Trust me, if Odfrank thinks pallet wood is cheap, it's cheap. He knows cheap!


----------



## Jim 134 (Dec 1, 2007)

Charlie B said:


> Trust me, if Odfrank thinks pallet wood is cheap, it's cheap. He knows cheap!


:lpf::lpf:



BEE HAPPY Jim 134


----------



## d.presson (Jun 14, 2006)

In my area of Ky, the pallets are made locally, with locally grown lumber. I use them for bottom boards, paint them and they seem to last as longer as the wood from the big box stores.


David


----------



## Roland (Dec 14, 2008)

Yes, plan on making about 100 roofs and 100 innercovers from shipping skids. One has to know where to "dumpster dive".

Crazy Roland


----------



## sqkcrk (Dec 10, 2005)

Start w/ junk, end up w/ junk. Isn't there something sows' ears and silk purses?

Knock yer self out.


----------



## New Ky Beekeeper (Jun 27, 2011)

Roland said:


> Yes, plan on making about 100 roofs and 100 innercovers from shipping skids. One has to know where to "dumpster dive".
> 
> Crazy Roland


bahahahahahahaha


----------



## honeyman46408 (Feb 14, 2003)

Charlie B said:


> He knows cheap!


Hey I thought that wazs part of beekeeping *"CHEAP"* I use pallets for hive stands and as you are looking for them you may find crates along wiht them my bee bud and I and gotten some good stuff from an overhead door Co. got some 1'x4"sx14` that were strighter than what I could buy from the BIG box stores around here, so keep you eyes open and remember "cheap is good FREE is better :banana:


----------



## Vance G (Jan 6, 2011)

I always tear down the pallets i get freight on and slice and dice it for the demensional wood pieces on my plywood covers and floorboards. Free is good.
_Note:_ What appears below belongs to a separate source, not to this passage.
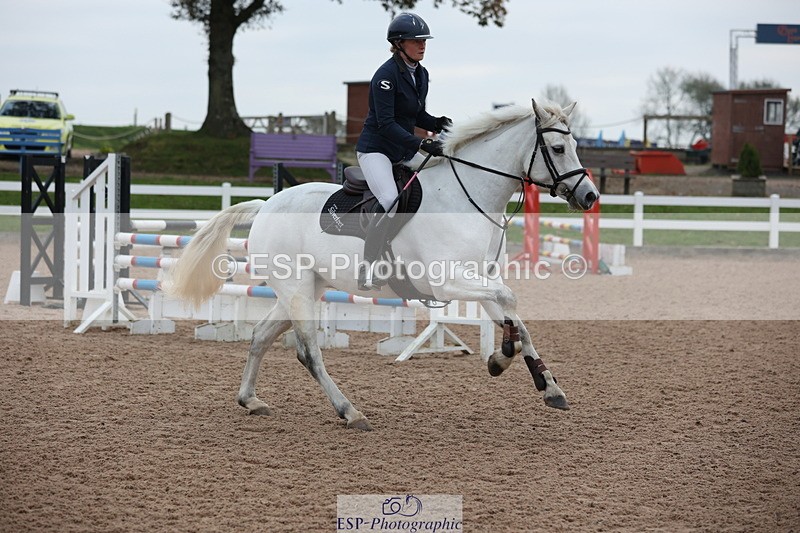 241101A-081149-00098 - FRI Cls 2 British Novice and 90cm Open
I don't use old ones that might hide nails.


----------



## Roland (Dec 14, 2008)

SQKCRK wrote:

Start w/ junk, end up w/ junk. Isn't there something sows' ears and silk purses?

True that, but after I am finished sawing and planing, you will be hard pressed to tell that the wood is used. A few nail holes are the only clues. Ask "JohnK and Sheri", they have seen my work. In the words of the "Bull of the Woods" , "We ain't making furniture here, just bee houses". The bees don't seem to mind the nail holes.

Just did a count, looks like 160 roofs on the way.

Cheap????, us Krauts can't help it, its in the blood.

Crazy Roland


----------



## Vance G (Jan 6, 2011)

No Use Roland! The gentlemen farmers of Squeak Creek have high standards and impeccable taste! They spend a lot of time making those little smoking jackets for their drones and it interferes with salvaging wood.


----------



## millerwb (Oct 31, 2011)

I got some really good 1x6 pine from some crates that glass came in for a building in town. Could have taken lost of 2x8 and 2x10 as well. Have also recovered several pallets made of white oak and cherry. Just have to know where to look I guess.


----------



## Roland (Dec 14, 2008)

That figures, us scavenging low Germans are not good enough for those classy High Germans in New York.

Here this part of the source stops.